Action item: Below are some records; output exactly the lines from the line with "Civivi Knives Appalachian" to the line with "Casă cu etaj", both ends kept, and nothing more.

Data provided:
============

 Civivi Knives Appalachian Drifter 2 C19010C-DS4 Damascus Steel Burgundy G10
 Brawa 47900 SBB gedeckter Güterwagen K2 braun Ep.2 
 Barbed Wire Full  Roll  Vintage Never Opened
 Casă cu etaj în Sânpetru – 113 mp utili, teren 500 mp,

============

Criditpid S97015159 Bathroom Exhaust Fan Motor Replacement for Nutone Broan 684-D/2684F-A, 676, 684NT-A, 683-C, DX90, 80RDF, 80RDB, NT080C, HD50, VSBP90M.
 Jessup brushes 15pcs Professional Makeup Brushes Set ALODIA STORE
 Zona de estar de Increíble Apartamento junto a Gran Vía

============

Expected answer:
 Civivi Knives Appalachian Drifter 2 C19010C-DS4 Damascus Steel Burgundy G10
 Brawa 47900 SBB gedeckter Güterwagen K2 braun Ep.2 
 Barbed Wire Full  Roll  Vintage Never Opened
 Casă cu etaj în Sânpetru – 113 mp utili, teren 500 mp,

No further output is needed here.